ODAC¶
The Online Divisive-Agglomerative Clustering (ODAC)1 aims at continuously maintaining a hierarchical cluster structure from evolving time series data streams.
The distance between time-series a and b is given by rnomc(a, b) = sqrt((1 - corr(a, b)) / 2)
, where corr(a, b)
is the Pearson Correlation coefficient. If the cluster has only one time-series, the diameter is given by the time-series variance. The cluster's diameter is given by the largest distance between the cluster's time-series.
ODAC continuously monitors the evolution of diameters, only of the leaves, and splits or merges them by gathering more data or reacting to concept drift - a confidence level from the Hoeffding bound supports such changes.
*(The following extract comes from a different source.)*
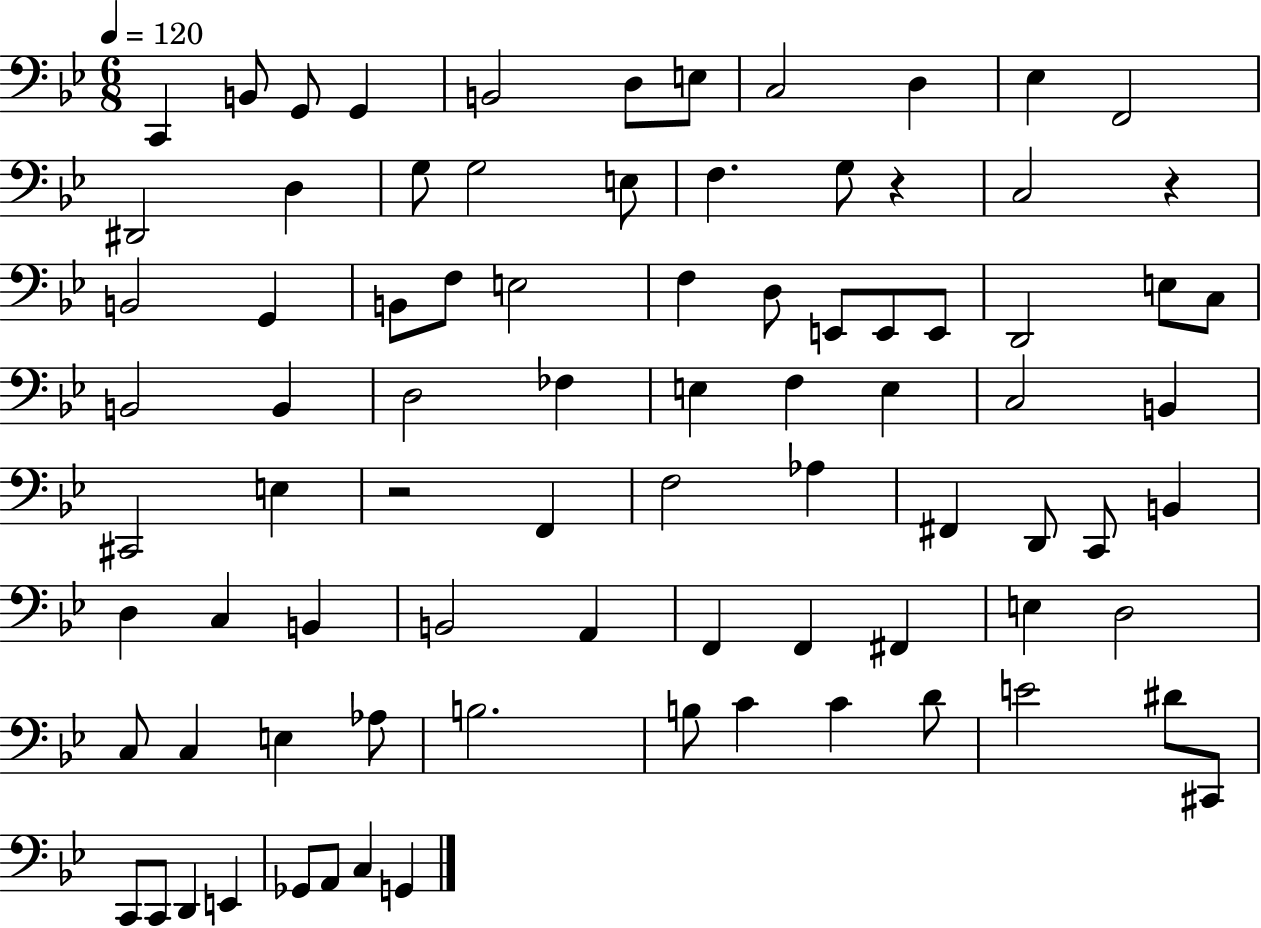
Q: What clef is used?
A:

So, the split operator, where the Hoeffding bound is applied, occurs when the difference between the largest distance (diameter) and the second largest difference is greater than a constant. Furthermore, the merge operator checks if one of the cluster's children has a diameter bigger than their parent - applying the Hoeffding bound again.
Parameters¶
-
confidence_level
Type → float
Default →
0.9
The confidence level that user wants to work.
-
n_min
Type → int
Default →
100
Number of minimum observations to gather before checking whether or not clusters must be split or merged.
-
tau
Type → float
Default →
0.1
Threshold below which a split will be forced to break ties.
Attributes¶
-
structure_changed (bool)
This variable is true when the structure changed, produced by splitting or aggregation.
Examples¶
from river import cluster
from river.datasets import synth
model = cluster.ODAC()
dataset = synth.FriedmanDrift(drift_type='gra', position=(150, 200), seed=42)
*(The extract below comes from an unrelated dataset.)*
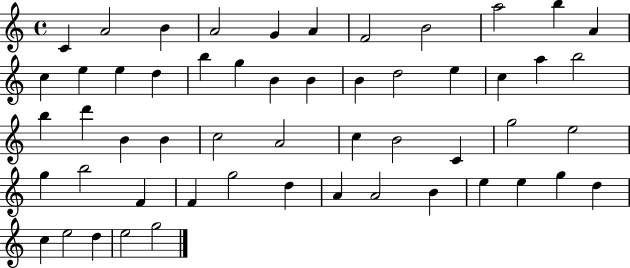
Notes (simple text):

C4/q A4/h B4/q A4/h G4/q A4/q F4/h B4/h A5/h B5/q A4/q C5/q E5/q E5/q D5/q B5/q G5/q B4/q B4/q B4/q D5/h E5/q C5/q A5/q B5/h B5/q D6/q B4/q B4/q C5/h A4/h C5/q B4/h C4/q G5/h E5/h G5/q B5/h F4/q F4/q G5/h D5/q A4/q A4/h B4/q E5/q E5/q G5/q D5/q C5/q E5/h D5/q E5/h G5/h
for i, (x, _) in enumerate(dataset.take(500)):
model.learn_one(x)
if model.structure_changed:
print(f"Structure changed at observation {i + 1}")
Structure changed at observation 1
Structure changed at observation 100
Structure changed at observation 200
Structure changed at observation 300
print(model.render_ascii())
ROOT d1=0.79 d2=0.76 [NOT ACTIVE]
├── CH1_LVL_1 d1=0.74 d2=0.72 [NOT ACTIVE]
│ ├── CH1_LVL_2 d1=0.08 [3]
│ └── CH2_LVL_2 d1=0.73 [2, 4]
└── CH2_LVL_1 d1=0.81 d2=0.78 [NOT ACTIVE]
├── CH1_LVL_2 d1=0.73 d2=0.67 [NOT ACTIVE]
│ ├── CH1_LVL_3 d1=0.72 [0, 9]
│ └── CH2_LVL_3 d1=0.08 [1]
└── CH2_LVL_2 d1=0.74 d2=0.73 [NOT ACTIVE]
├── CH1_LVL_3 d1=0.71 [5, 6]
└── CH2_LVL_3 d1=0.71 [7, 8]
You can acess some properties of the clustering model directly:
model.n_clusters
11
model.n_active_clusters
6
model.height
3
These properties are also available in a summarized form:
model.summary
{'n_clusters': 11, 'n_active_clusters': 6, 'height': 3}
Methods¶
draw
Method to draw the hierarchical cluster's structure as a Graphviz graph.
Parameters
- max_depth — 'int | None' — defaults to
None
- show_clusters_info — 'list[typing.Hashable]' — defaults to
['timeseries_names', 'd1', 'd2', 'e']
- n_decimal_places — 'int' — defaults to
2
learn_one
Update the model with a set of features x
.
Parameters
- x — 'dict'
predict_one
This algorithm does not predict anything. It builds a hierarchical cluster's structure.
Parameters
- x — 'dict'
render_ascii
Method to render the hierarchical cluster's structure in text format.
Parameters
- n_decimal_places — 'int' — defaults to
2
-
P. P. Rodrigues, J. Gama and J. Pedroso, "Hierarchical Clustering of Time-Series Data Streams" in IEEE Transactions on Knowledge and Data Engineering, vol. 20, no. 5, pp. 615-627, May 2008, doi: 10.1109/TKDE.2007.190727. ↩